Prompt for AI Agents
Please address the comments from this code review:
## Overall Comments
- There are conflicting claims about context compression (10–100x vs. revised 5–15x and 2–5x in the specialist findings); consider harmonizing these numbers so the document presents a single, consistent set of expectations.
- The MCP tool design is described twice (a detailed level-based suite and then a revised 3‑tier suite in the review findings); it would help to clearly mark the earlier design as superseded or collapse the document to only describe the current 3‑tier plan to avoid confusion.

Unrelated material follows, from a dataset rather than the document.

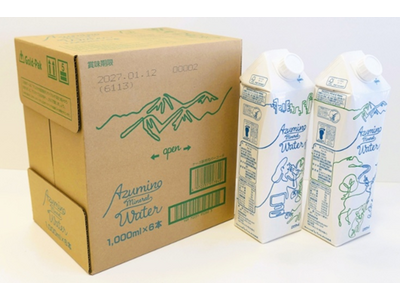 Azumino Mineral Water�i���ܖ�~�l�����E�H�[�^�[�j�@����Ɋ��ɂ₳�����V�p�b�P�[�W��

- Given that L3/L4 are now framed as research spikes rather than planned engineering phases, you might want to simplify the main phased roadmap and push most L3/L4 detail into a dedicated ‘Future Work / Research’ section to keep the core proposal focused on the MVKL scope.
## Individual Comments
### Comment 1
<location> `docs/architecture/AI_KNOWLEDGE_LAYER_DESIGN.md:106` </location>
<code_context>
+
+**Sourcegraph SCIP**: Protobuf schema with human-readable symbol IDs. 10x faster indexing and 4-5x smaller indexes than LSIF. Powers Sourcegraph's Code Graph capturing inheritance, service dependencies, and API interactions.
+
+**Meta Glean**: General-purpose fact collection using RocksDB and declarative Angle queries. Indexes diffs as "diff sketches" for semantic search over commits. Hundreds-of-microseconds query latency at massive scale.
+
+### Graph-Integrated LLM Inference (CGM, NeurIPS 2025)
</code_context>
<issue_to_address>
**nitpick (typo):** Consider rephrasing "Hundreds-of-microseconds" to the more standard "hundreds of microseconds".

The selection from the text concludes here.